# Merge DataFrames

When working with multiple datasets, you'll often have to join datasets to analyze data holistically. This template uses pandas' [`merge()`](https://pandas.pydata.org/docs/reference/api/pandas.merge.html) function to join two DataFrames on one or more columns. These are skills covered in DataCamp's [Joining Data with pandas](https://app.datacamp.com/learn/courses/joining-data-with-pandas) course if you want to learn more!

In [1]:
import pandas as pd

df1 = pd.read_csv("data/df1.csv")
df1.head()

Unnamed: 0,uid,reg_date,device,gender,country,age
0,54030035.0,2017-06-29,and,M,USA,19
1,72574201.0,2018-03-05,iOS,F,TUR,22
2,64187558.0,2016-02-07,iOS,M,USA,16
3,92513925.0,2017-05-25,and,M,BRA,41
4,99231338.0,2017-03-26,iOS,M,FRA,59


In [2]:
df2 = pd.read_csv("data/df2.csv")
df2.head()

Unnamed: 0,date,uid,sku,price
0,2017-07-10,41195147,sku_three_499,499
1,2017-07-15,41195147,sku_three_499,499
2,2017-11-12,41195147,sku_four_599,599
3,2017-09-26,91591874,sku_two_299,299
4,2017-12-01,91591874,sku_four_599,599


## Choose a merging strategy 

There are five types of joins available in pandas: inner, outer, cross, left, or right. You'll have to decide on the join type depending on your desired outcome. If you need a refresher on which to pick, check out chapter two of DataCamp's [Joining Data with pandas](https://app.datacamp.com/learn/courses/joining-data-with-pandas) course.

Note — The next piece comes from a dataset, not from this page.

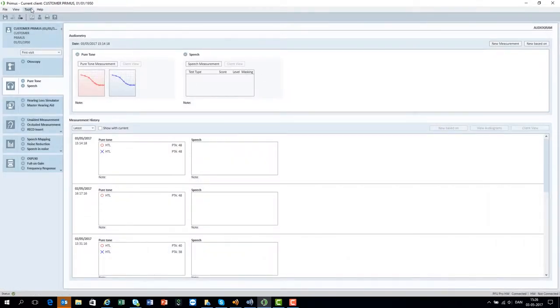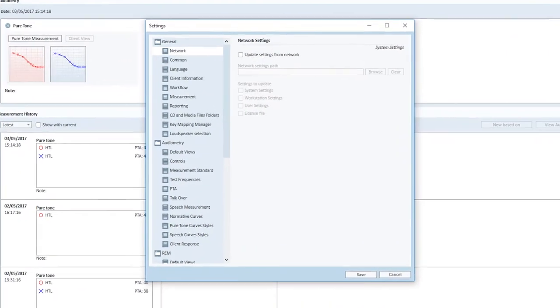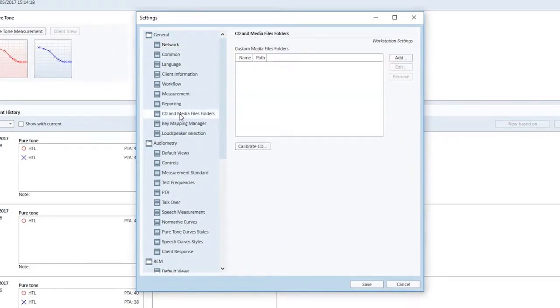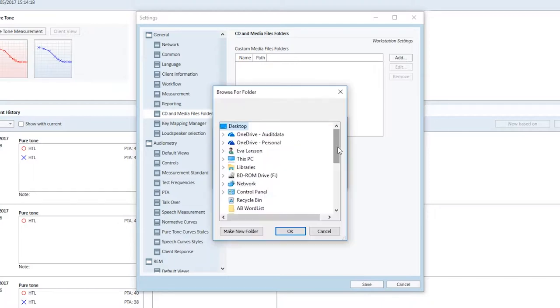In order to install speech material, go to tools and then settings. Under general settings, select CD and media files folders where you can add wave files or CDs. If you use wave files, locate the sound files in your computer and add them to Primus.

### Joining on column(s) with the same name

The code below joins two DataFrames on columns sharing the same name in both DataFrames. 

In [3]:
join1 = pd.merge(
    left=df1,  # Specify DataFrame on the left to merge
    right=df2,  # Specify DataFrame on the right to merge
    how="left",  # Choose 'inner', 'outer', 'cross' 'left' or 'right'
    on=["uid"],  # List of column(s) to merge on (these must exist in both DataFrames)
    indicator=True,  # When true, adds “_merge” column with source of each row
)

print("Number of rows & columns:", join1.shape)
join1.head()

Number of rows & columns: (17684, 10)


Unnamed: 0,uid,reg_date,device,gender,country,age,date,sku,price,_merge
0,54030035.0,2017-06-29,and,M,USA,19,,,,left_only
1,72574201.0,2018-03-05,iOS,F,TUR,22,,,,left_only
2,64187558.0,2016-02-07,iOS,M,USA,16,,,,left_only
3,92513925.0,2017-05-25,and,M,BRA,41,2017-10-20,sku_three_499,499.0,both
4,92513925.0,2017-05-25,and,M,BRA,41,2017-05-29,sku_two_299,299.0,both


### Joining on column(s) with different names
The code below joins two DataFrames on columns that may not share the same column names in both DataFrames. 

In [4]:
join2 = pd.merge(
    left=df1,  # Specify DataFrame on the left to merge
    right=df2,  # Specify DataFrame on the right to merge
    how="inner",  # Choose 'inner', 'outer', 'cross' 'left' or 'right'
    left_on=["reg_date", "uid"],  # List of column(s) to merge on in the left DataFrame
    right_on=["date", "uid"],  # List of column(s) to merge on in the right DataFrame
    indicator=True,  # When true, adds “_merge” column with source of each row
)

print("Number of rows & columns:", join2.shape)
join2.head()

Number of rows & columns: (35, 10)


Unnamed: 0,uid,reg_date,device,gender,country,age,date,sku,price,_merge
0,61015529.0,2017-05-13,iOS,M,TUR,22,2017-05-13,sku_four_599,599,both
1,87948327.0,2016-06-11,iOS,F,TUR,15,2016-06-11,sku_one_199,199,both
2,69359991.0,2016-07-05,and,F,DEU,28,2016-07-05,sku_three_499,499,both
3,20320232.0,2018-03-16,and,F,USA,27,2018-03-16,sku_three_499,499,both
4,16501352.0,2017-04-21,and,F,TUR,15,2017-04-21,sku_three_499,499,both


For more information on arguments and output options, visit pandas' [`merge()`](https://pandas.pydata.org/docs/reference/api/pandas.merge.html) documentation.

If you're struggling to understand the different join types, it may be helpful to experiment with different values for the `how` and `on` arguments of the `merge()` function. The `_merge` column enabled by `indicator=True` is also useful for interpreting the resulting DataFrame, specifically why a row is included in the output.